The LLM Does Not Run the Tools

This is the part that genuinely reframed how I think about agents. The model never touches the filesystem. When it decides it wants to read a file, what it sends back is, structurally, a request: a JSON-shaped block that names a tool and supplies arguments. Something like this:

{
  "type": "tool_use",
  "name": "read_file",
  "input": { "path": "src/app.ts" }
}

That is it. It is our code, the agent we wrote, that decides to actually open the file, read its contents, and feed them back to the model as the next message. The LLM is reasoning about what it would like to happen. We are the ones who let it happen.

Once that lands, a lot of what we associate with "agent capability" stops being about the model and starts being about us. What tools do we expose? How do we describe them? What do we let the model touch, and what do we gate behind a confirmation?
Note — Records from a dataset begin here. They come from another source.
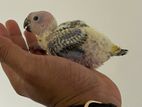 Sun Conure Chicks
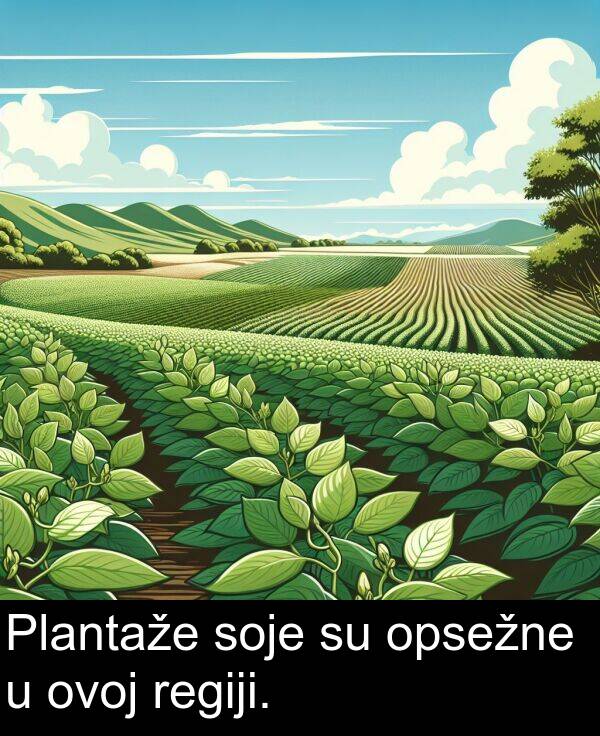 ovoj: Plantaže soje su opsežne u ovoj regiji.
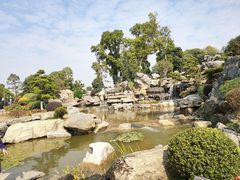 -东莞植物园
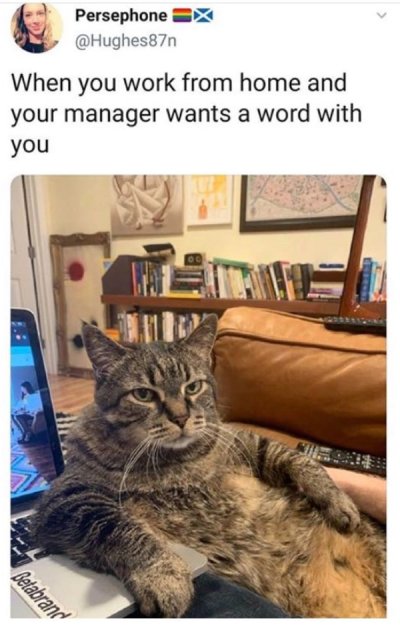 Work from home memes don't care that you're not wearing pants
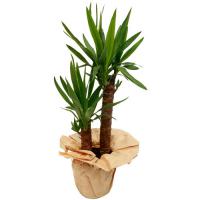 YUCCA 2 PIEDS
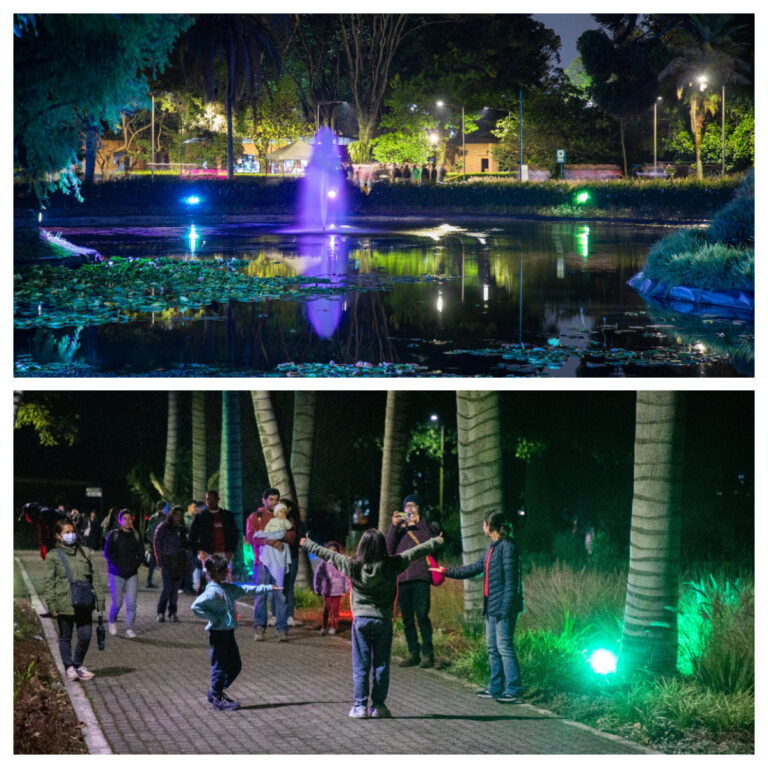 Jardín de noche 25 de octubre 2024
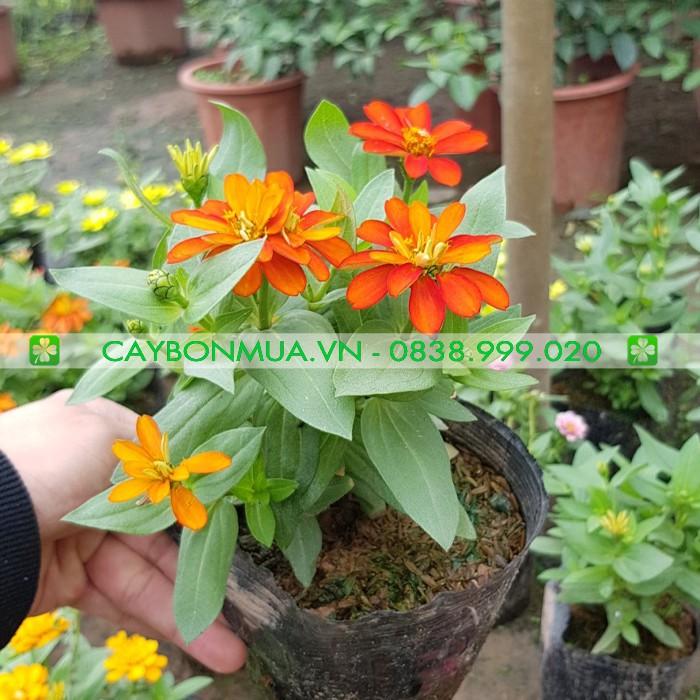 Cây Hoa Cúc Lá Nhám, bịch đen cao 25-30cm, được lựa chọn đủ màu sắc.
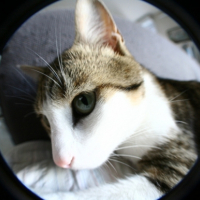Photo #184036 de Simba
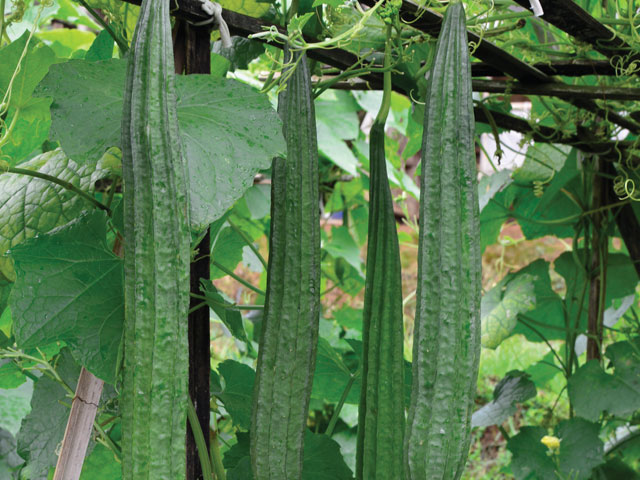 Ridge Gourd RG2266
The model is powerful, but the agent's behavior is something we shape.

Tools Are Mostly a Description

Registering a tool with the model turned out to be much less ceremony than I expected. It is essentially a name, a sentence or two telling the model when to reach for it, and a JSON Schema describing the inputs:

{
  name: "read_file",
  description:
    "Read the full contents of a file. Use this to inspect existing code or text.",
  input_schema: {
    type: "object",
    properties: {
      path: { type: "string", description: "Path to the file to read" },
    },
    required: ["path"],
  },
}

That schema is everything the model sees. The actual work happens in a regular function on our side, which is just as plain as we would expect:

function readFile(filePath: string): Record<string, unknown> {
  try {
    const abs = resolveAbsPath(filePath);
    const content = fs.readFileSync(abs, 'utf-8');
    return { path: abs, content };
  } catch (err: any) {
    return { error: `Failed to read file: ${err.message}` };
  }
}

When a tool_use block comes back from the model with name: "read_file", we look at the input object, pull out path, call readFile(path), and append whatever it returns to the conversation as the next message. No framework, no glue layer. Just a function call.
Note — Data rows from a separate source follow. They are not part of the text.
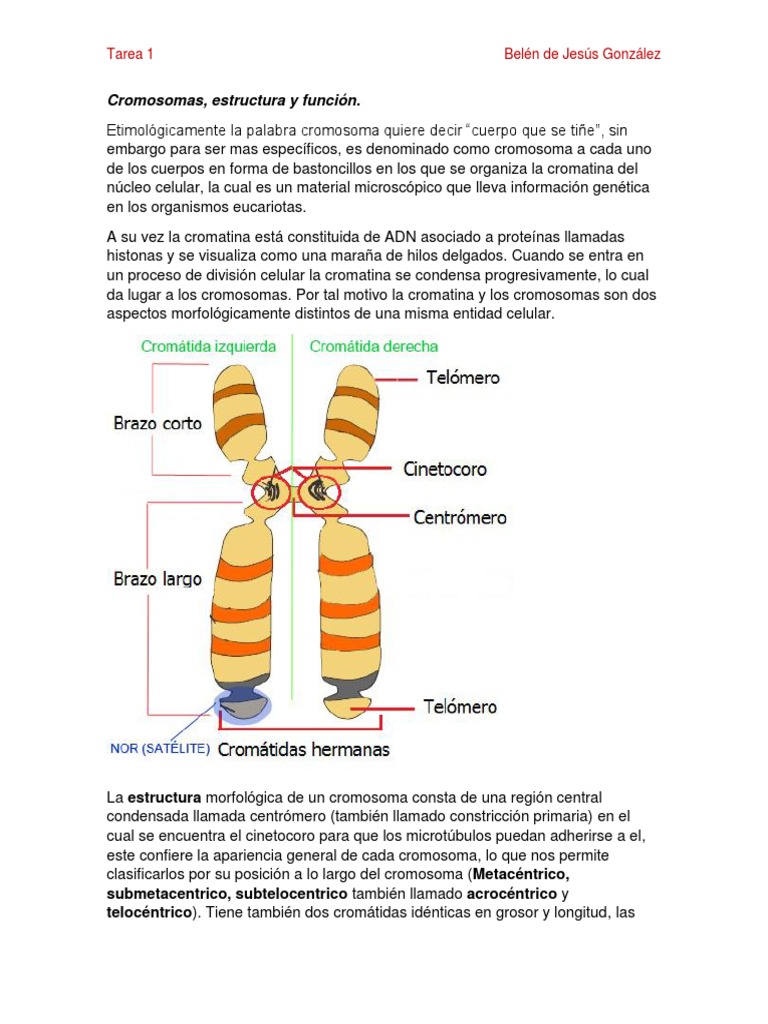 Las 6 partes del cromosoma: características y funciones, image size:768x1024
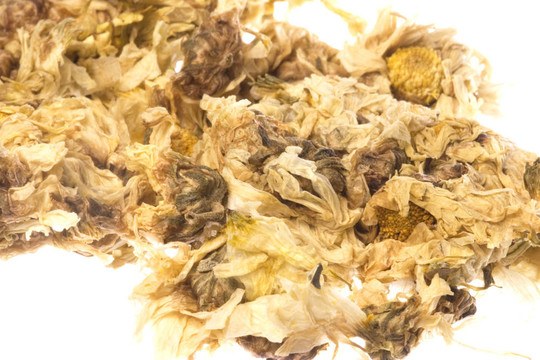 菊花茶花分離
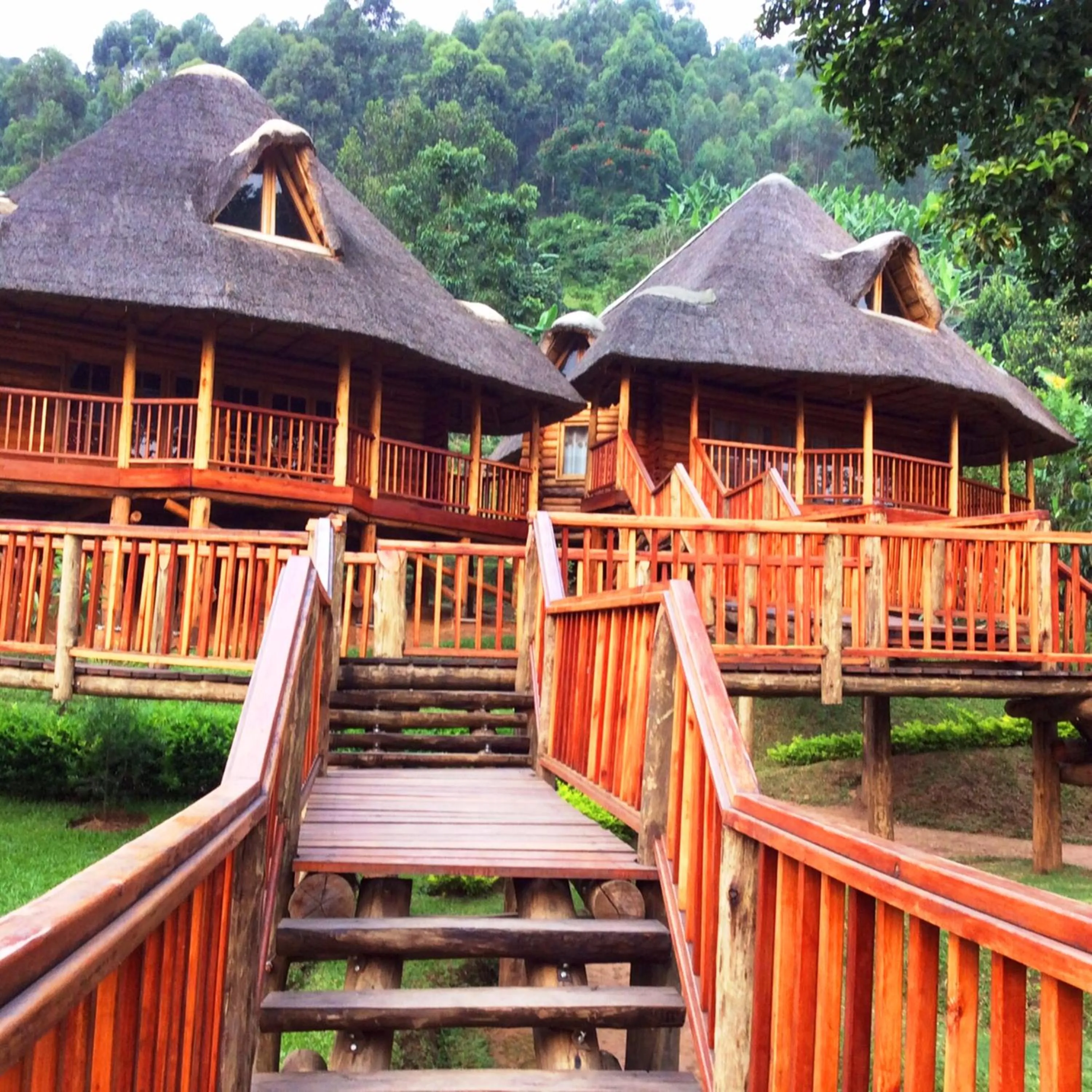 Property building in Trackers Safari Lodge Bwindi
What stood out is how much weight the description field carries. The model is using it to decide whether this tool is the right one for the situation. Vague descriptions lead to the model picking the wrong tool, or skipping a tool we expected it to use. Treating each description as a small piece of prompt engineering, instead of an afterthought, made the agent noticeably more reliable.
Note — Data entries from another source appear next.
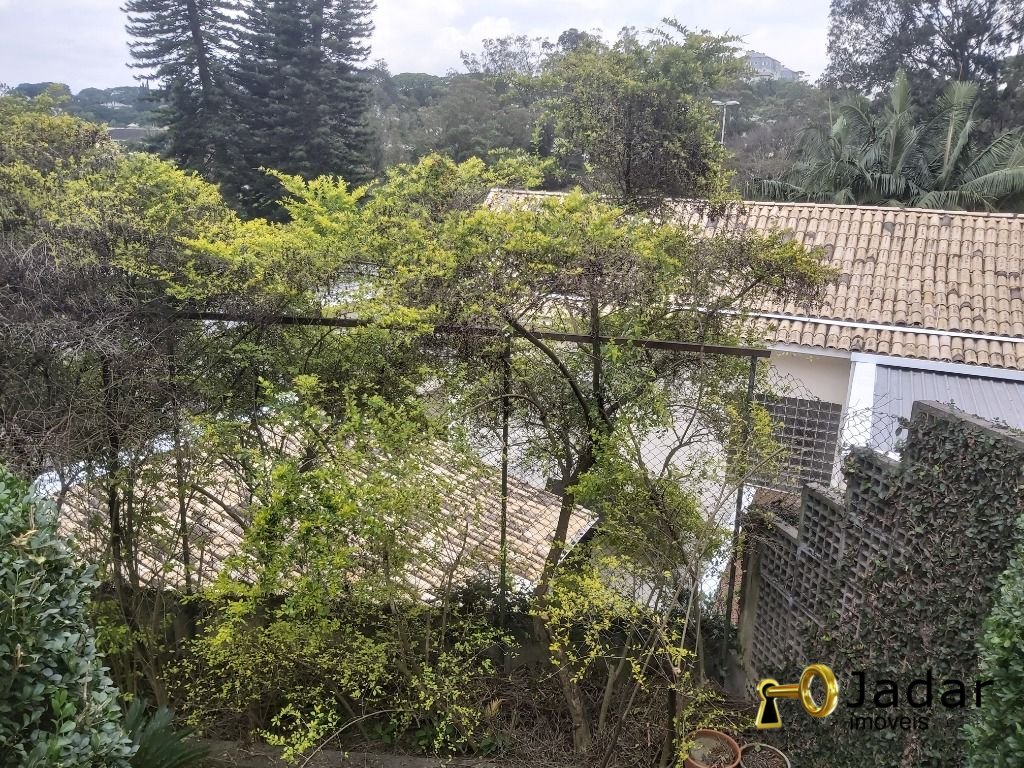 Imagem da propriedade 11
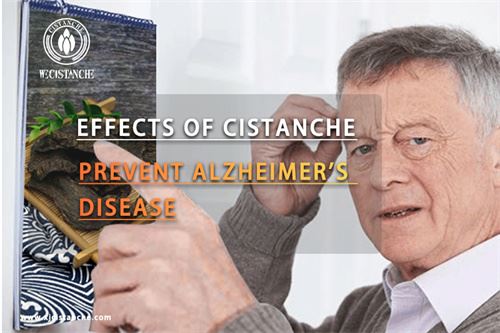 Cistanche can prevent Alzheimer's disease Cistanche can prevent Alzheimer's disease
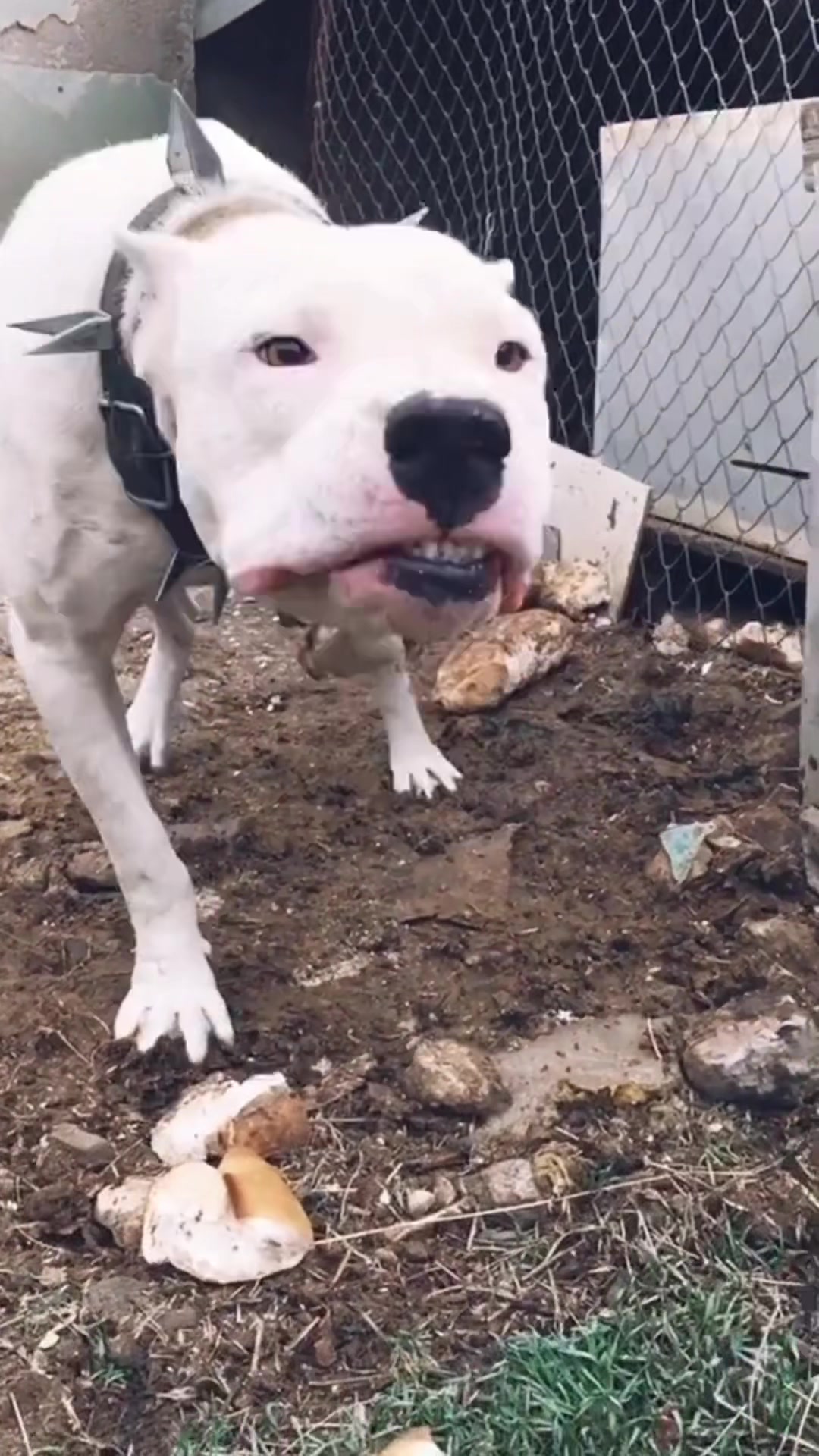 @Пушистики🐶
Three Tools Is Most of What We Need

For something genuinely useful, we really only need three tools:

  • read_file so the model can see our code
  • list_files so it can navigate the project
  • edit_file so it can create and change files

Production agents like Claude Code add more, of course: grep, bash, web search, and so on. They smooth out the experience and unlock workflows that read, list, and edit cannot reach on their own. But the leap from "no tools" to "read, list, edit" is the big one. Everything after that is incremental.

Closing Thoughts

The point of building the toy was never to replace the real thing. The real ones are better, and they should be. The point was to stop thinking of them as a black box. Once we have seen that the loop is a loop, that the model is asking and our code is doing, it gets a lot easier to reason about why an agent did or did not do what we wanted, and how to nudge it. Less "I wonder why it ignored that file" and more "right, the description on that tool was probably too thin."

That is the part I keep coming back to. Understanding things one layer down does not always change what we build. But it almost always changes how confidently we use what other people built.